• Required action:
For this exercise, reproduce the entries below exactly, but only from the line containing "May include: A" through the line containing "Stylish wet bar", both included.

───── Input data ─────

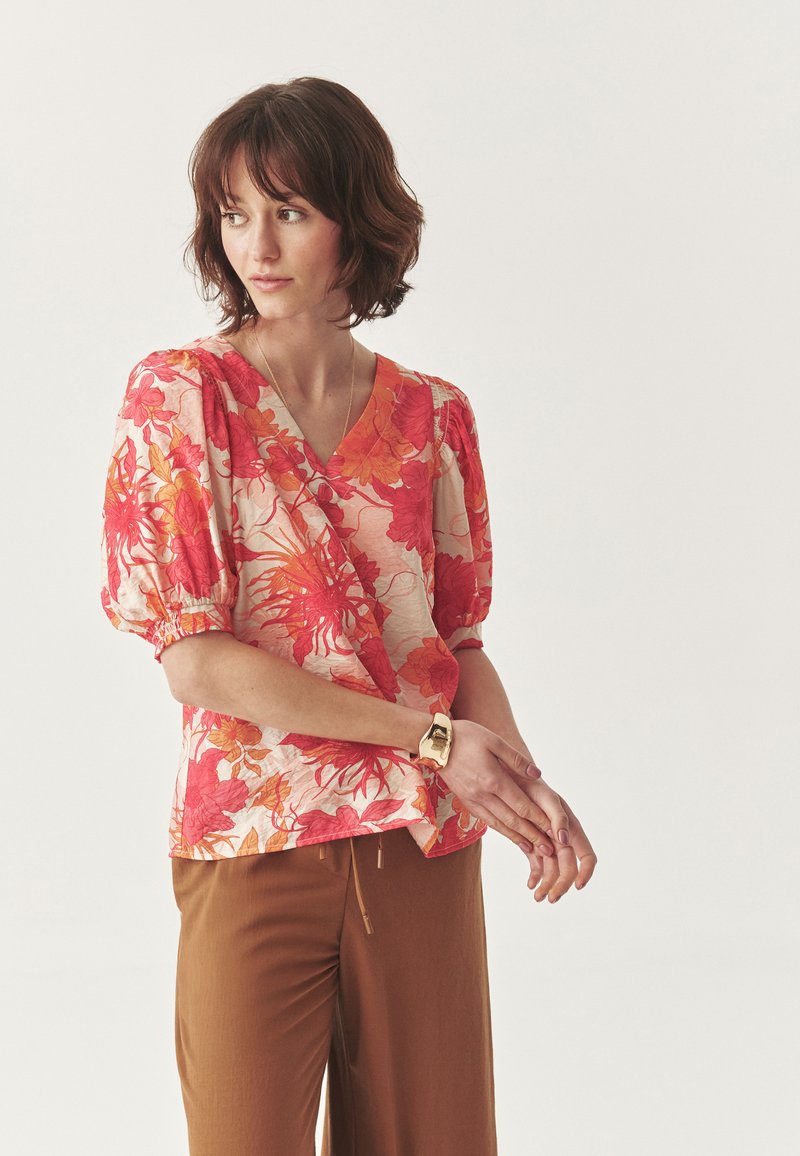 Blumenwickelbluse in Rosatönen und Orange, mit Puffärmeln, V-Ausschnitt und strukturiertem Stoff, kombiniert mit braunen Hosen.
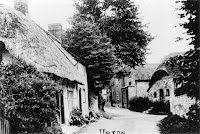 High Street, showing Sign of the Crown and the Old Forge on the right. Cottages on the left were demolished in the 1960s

─────
───── Input data ─────

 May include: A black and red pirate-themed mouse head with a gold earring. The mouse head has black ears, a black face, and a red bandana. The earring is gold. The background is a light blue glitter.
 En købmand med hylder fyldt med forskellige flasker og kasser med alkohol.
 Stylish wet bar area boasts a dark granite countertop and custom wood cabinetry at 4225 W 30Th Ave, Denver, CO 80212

─────
───── Input data ─────

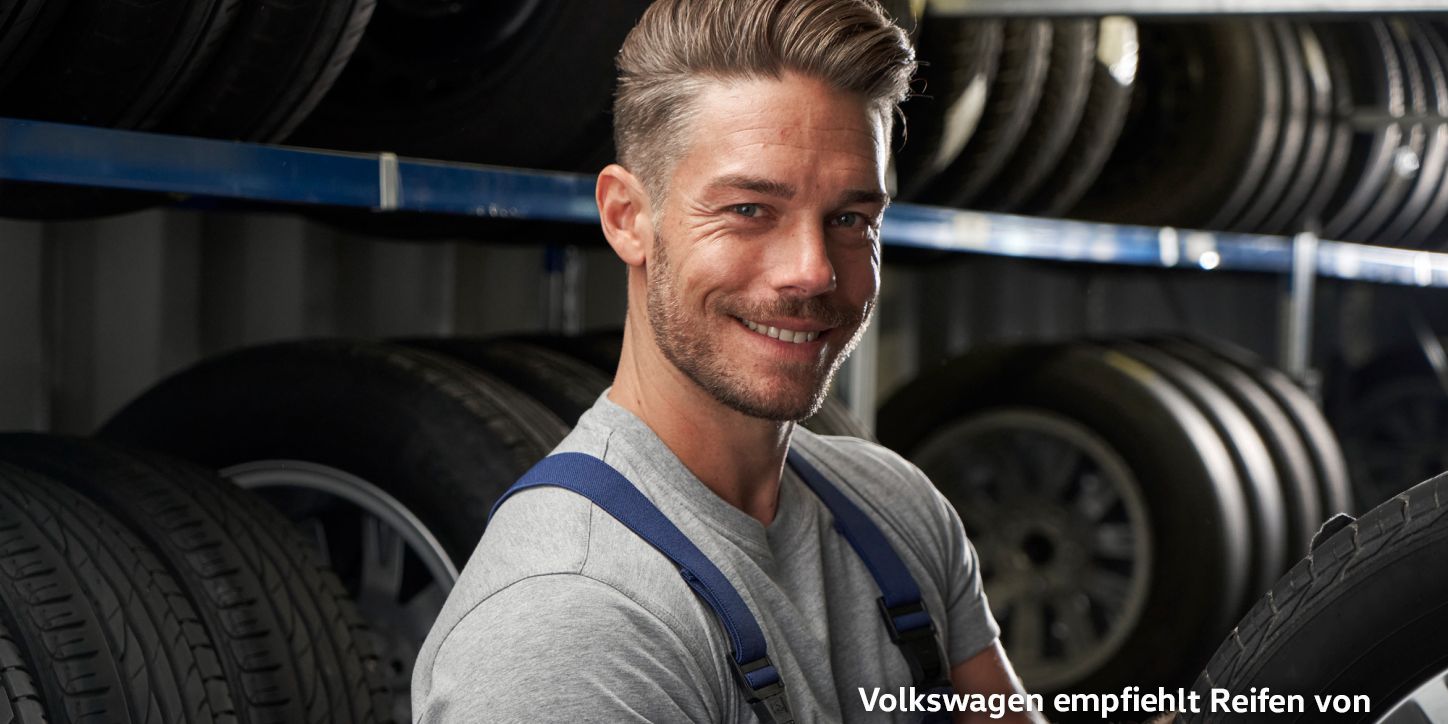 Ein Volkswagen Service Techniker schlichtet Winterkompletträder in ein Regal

─────

• Written solution:
 May include: A black and red pirate-themed mouse head with a gold earring. The mouse head has black ears, a black face, and a red bandana. The earring is gold. The background is a light blue glitter.
 En købmand med hylder fyldt med forskellige flasker og kasser med alkohol.
 Stylish wet bar area boasts a dark granite countertop and custom wood cabinetry at 4225 W 30Th Ave, Denver, CO 80212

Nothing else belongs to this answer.